TCP_QUICKACK disables the default delayed ACK timer. This is ~40ms in linux (not sure about windows). The thing is, TCP_QUICKACK is reset when you send or receive on the socket, so it needs reenabling each time. Also, TCP_QUICKACK doesn't seem to be available in windows.
Here's a comment by John Nagle himself that some may find useful: https://news.ycombinator.com/item?id=10608356
"That still irks me. The real problem is not tinygram prevention. It's ACK delays, and that stupid fixed timer. They both went into TCP around the same time, but independently. I did tinygram prevention (the Nagle algorithm) and Berkeley did delayed ACKs, both in the early 1980s.
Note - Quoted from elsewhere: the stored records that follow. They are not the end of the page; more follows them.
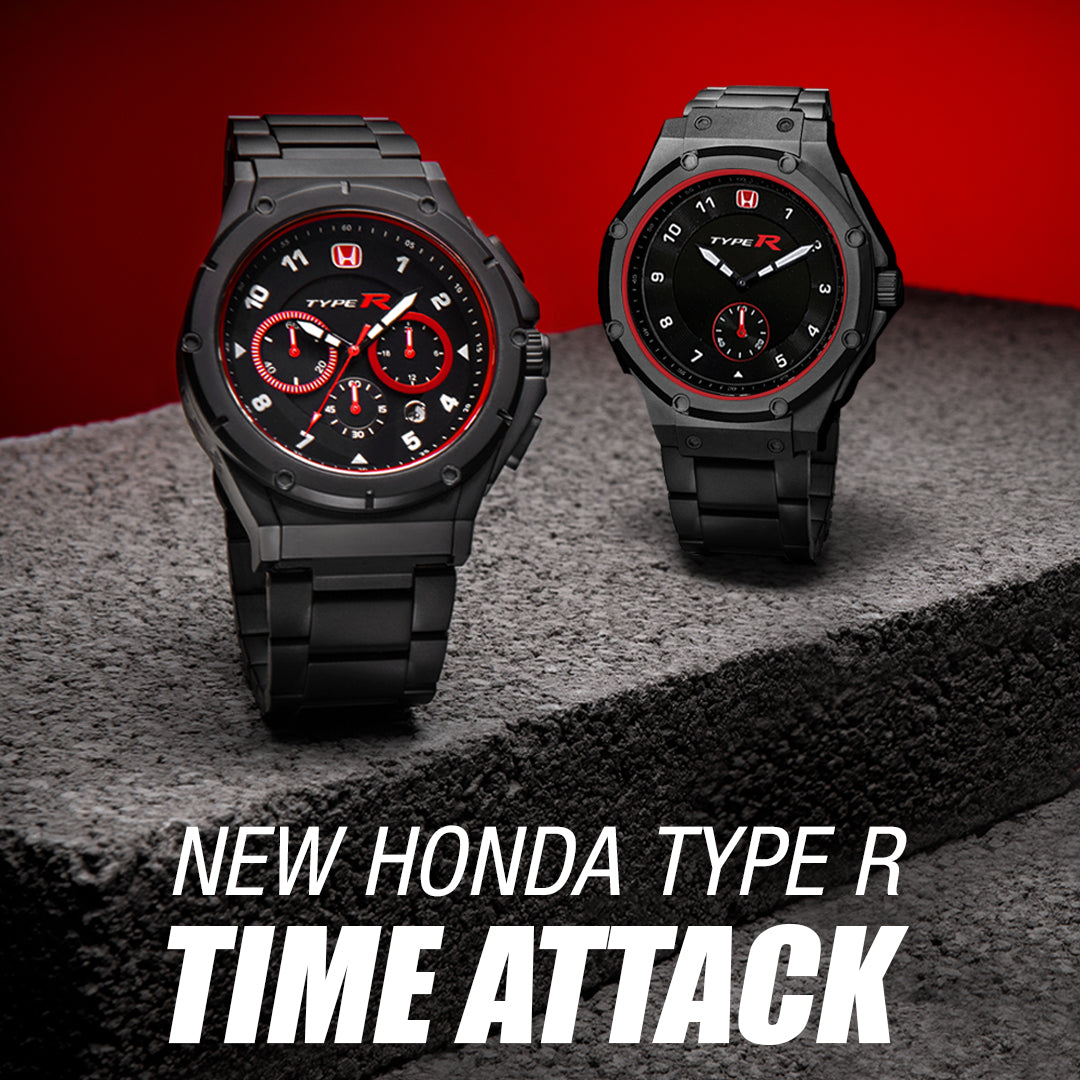 HONDA TYPE-R "Time Attack"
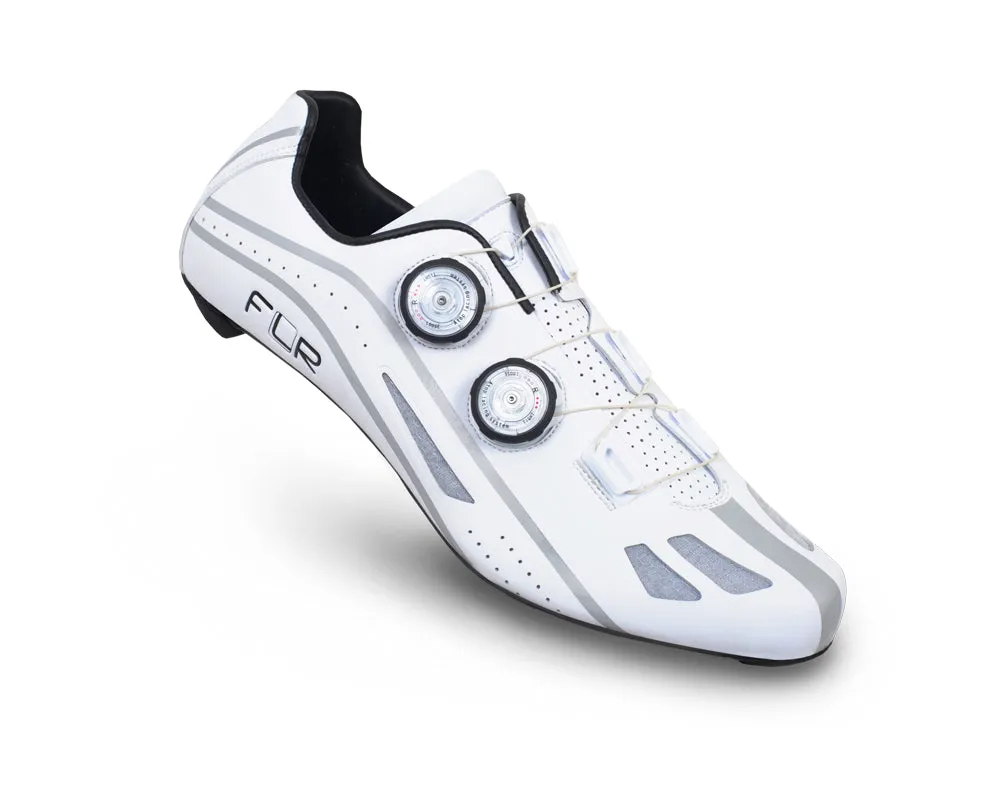 FLR F-XX Carbon Road Shoes - White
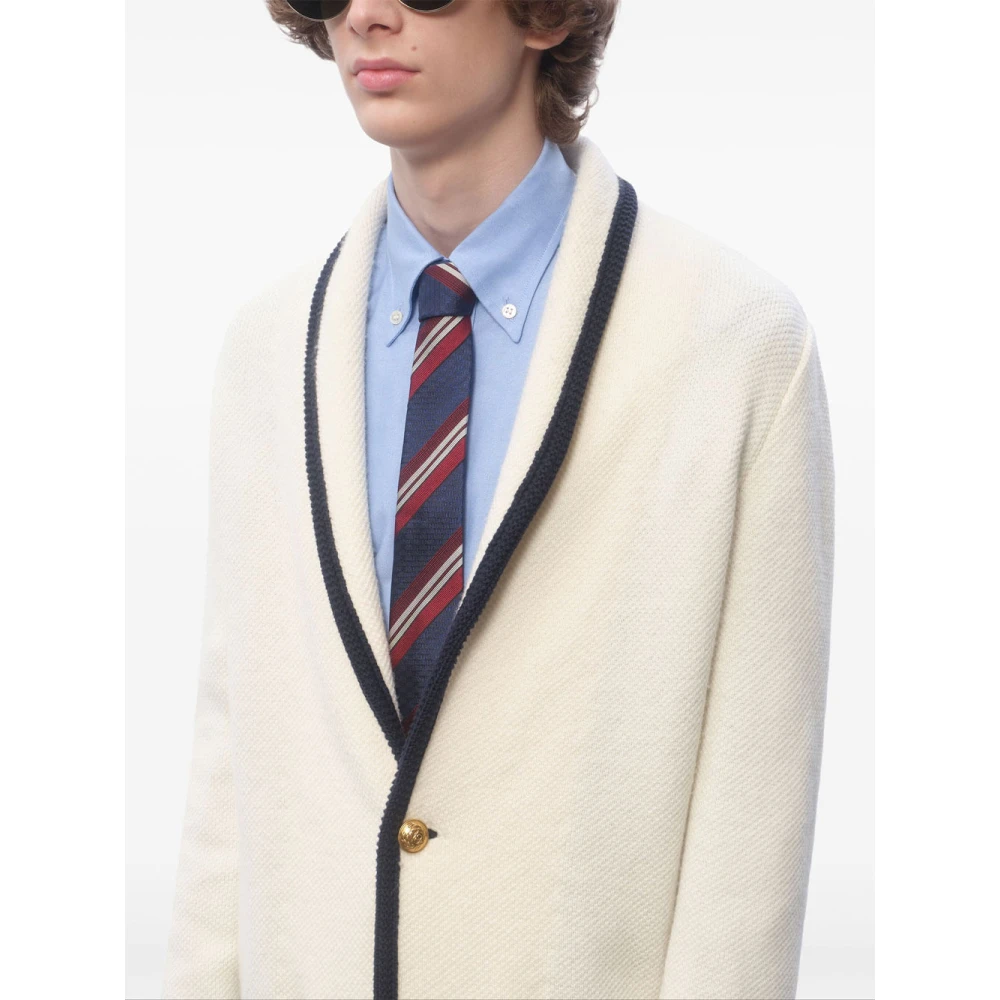 Valentino Garavani Elegante Zijden Stropdas voor Mannen Multicolor Heren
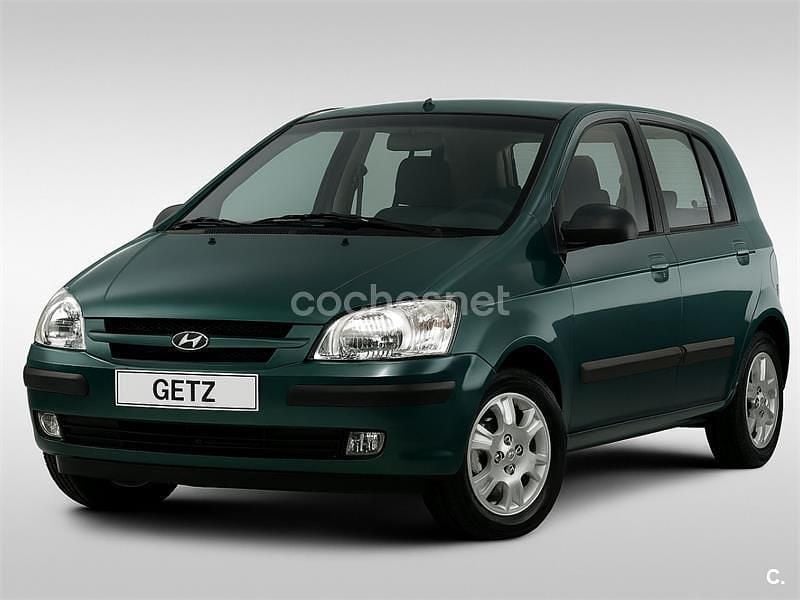 Verde Usado 2005 Hyundai Getz GLS Utilitario | 3290 € (Precio justo) - Imagen 1/3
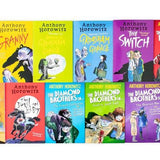 Anthony Horowitz Wickedly Funny 10 Children Books Collection Set Public Enemy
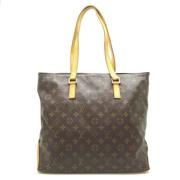 Pre-owned Fabric louis-vuitton-bags Louis Vuitton Vintage , Brown , Da...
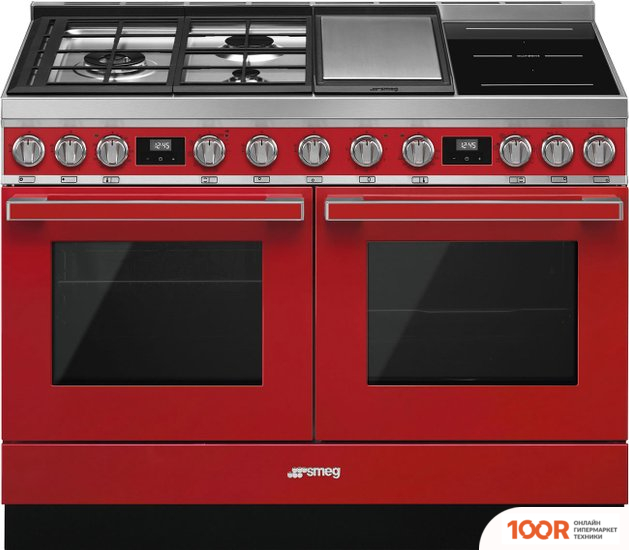Кухонная плита Smeg CPF120IGMPR (142162)
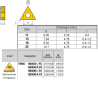 TNMG160408-Q-LY ZZ1874 Negative Turning Insert for Medium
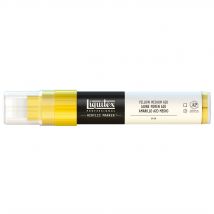 Paint Marker - Pointe Large - Jaune Moyen Azo - Liquitex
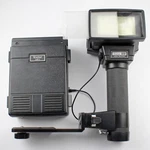 Vivitar 365 Auto Thyristor Handle Flash + Mf Bracket / Battery Pack Sensor. Fixed Price $19.99.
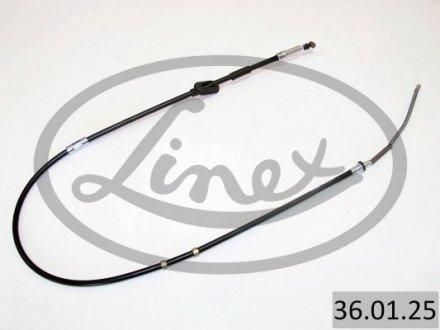 Трос ручного тормоза LINEX 360125 (фото 1)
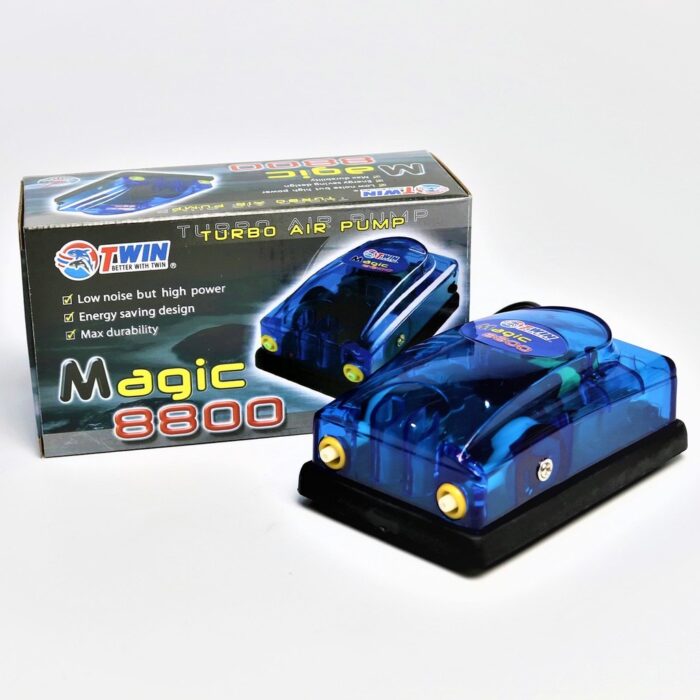 T-WIN Turbo Air Pump Magic 8800 T-WIN Turbo Air Pump Magic 8800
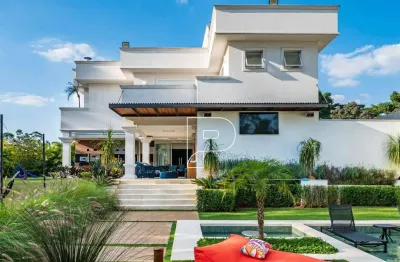 Casa cinematográfica com 4 suítes no vintage r$ 7.200.000 em mais de 1.000 metros de terreno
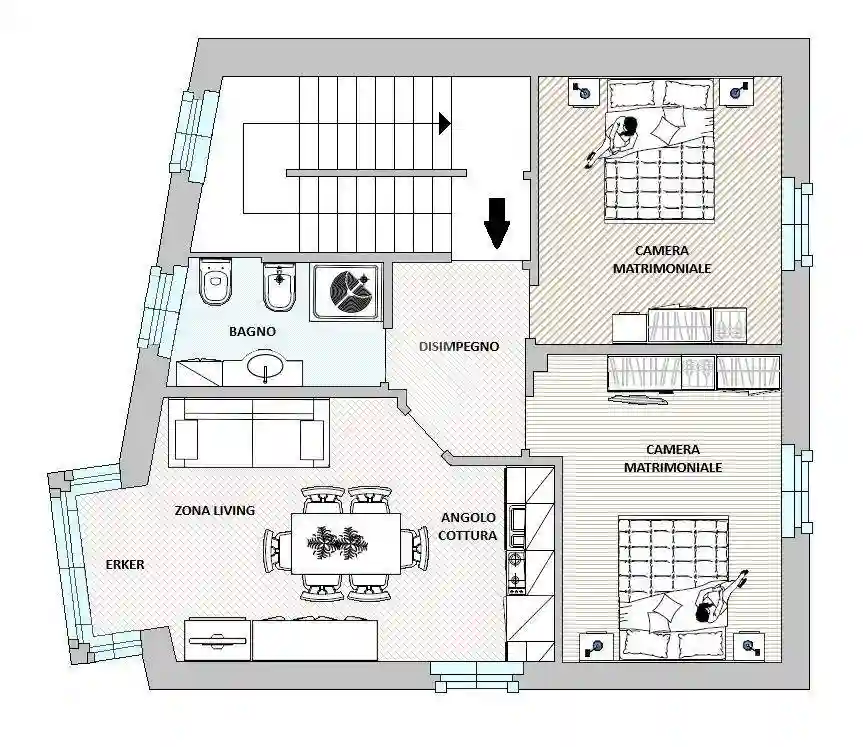 Appartamento - foto 2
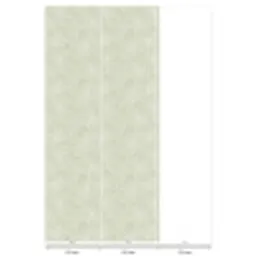 Sereen - Bloemen - Groen Behang Vinyl klein 1060 -USP_banen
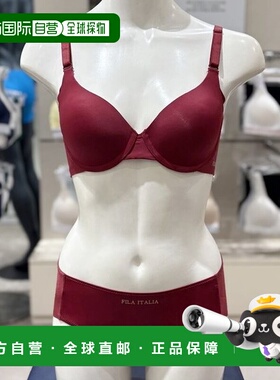 韩国直邮FILA FI4BAG3656F/DR(DWN)基本型预切钢丝文胸内裤套装_s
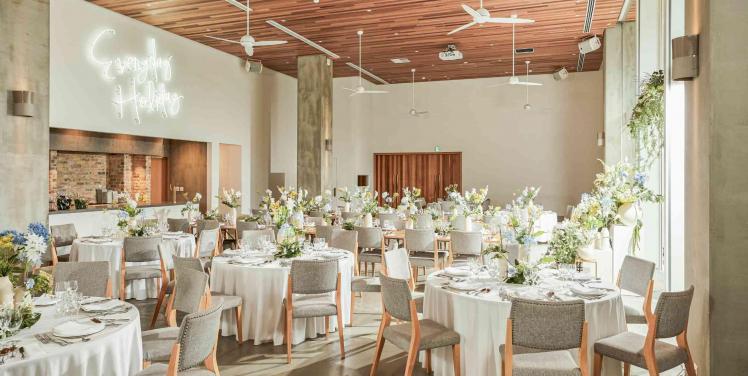 WEEKEND HOUSE 披露宴会場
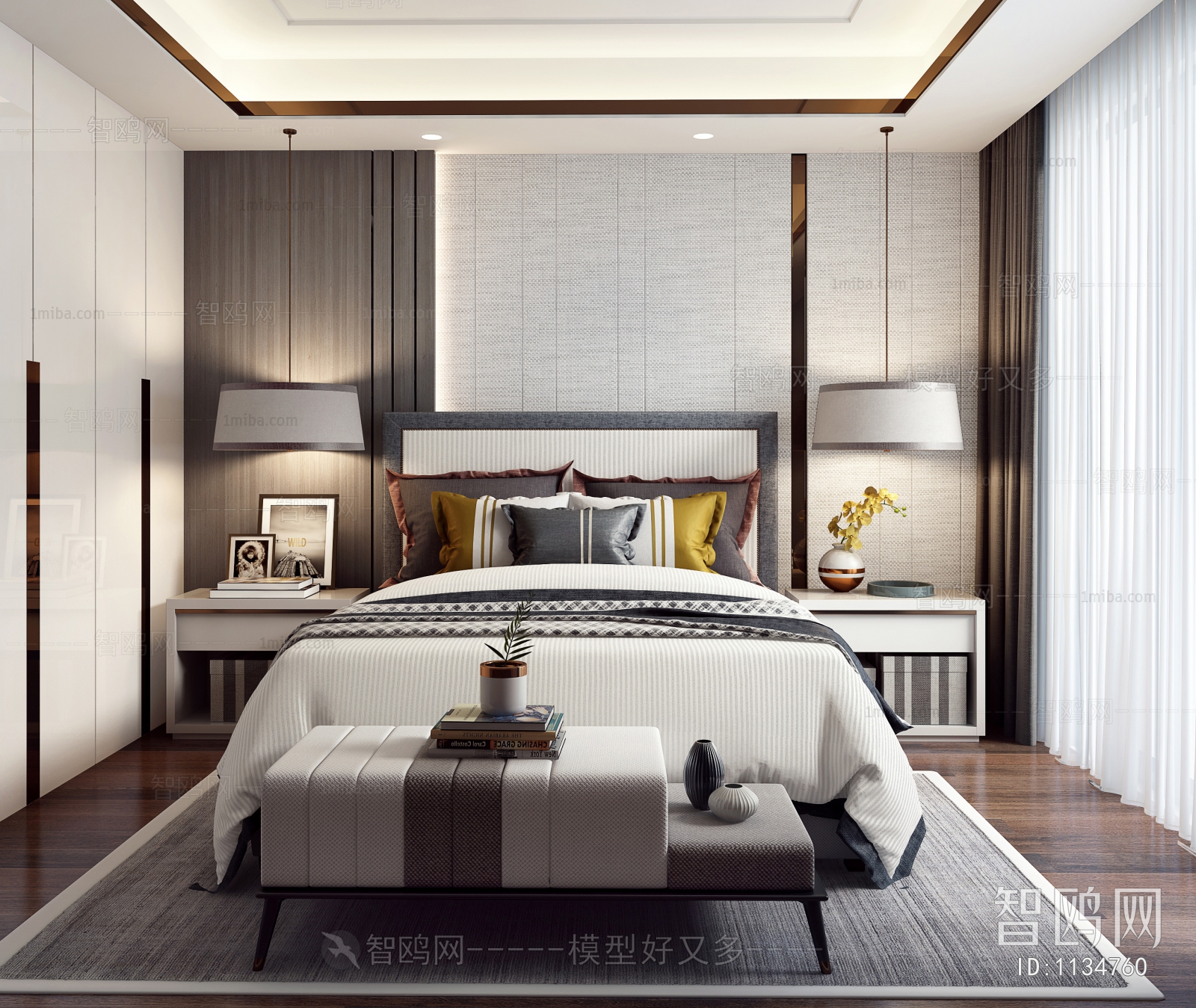 Modern Bedroom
The combination of the two is awful. Unfortunately by the time I found about delayed ACKs, I had changed jobs, was out of networking, and doing a product for Autodesk on non-networked PCs. Delayed ACKs are a win only in certain circumstances - mostly character echo for Telnet. (When Berkeley installed delayed ACKs, they were doing a lot of Telnet from terminal concentrators in student terminal rooms to host VAX machines doing the work. For that particular situation, it made sense.) The delayed ACK timer is scaled to expected human response time. A delayed ACK is a bet that the other end will reply to what you just sent almost immediately. Except for some RPC protocols, this is unlikely. So the ACK delay mechanism loses the bet, over and over, delaying the ACK, waiting for a packet on which the ACK can be piggybacked, not getting it, and then sending the ACK, delayed. There's nothing in TCP to automatically turn this off. However, Linux (and I think Windows) now have a TCP_QUICKACK socket option. Turn that on unless you have a very unusual application.
"Turning on TCP_NODELAY has similar effects, but can make throughput worse for small writes. If you write a loop which sends just a few bytes (worst case, one byte) to a socket with "write()", and the Nagle algorithm is disabled with TCP_NODELAY, each write becomes one IP packet. This increases traffic by a factor of 40, with IP and TCP headers for each payload. Tinygram prevention won't let you send a second packet if you have one in flight, unless you have enough data to fill the maximum sized packet. It accumulates bytes for one round trip time, then sends everything in the queue. That's almost always what you want. If you have TCP_NODELAY set, you need to be much more aware of buffering and flushing issues.
"None of this matters for bulk one-way transfers, which is most HTTP today. (I've never looked at the impact of this on the SSL handshake, where it might matter.)
"Short version: set TCP_QUICKACK. If you find a case where that makes things worse, let me know.
John Nagle"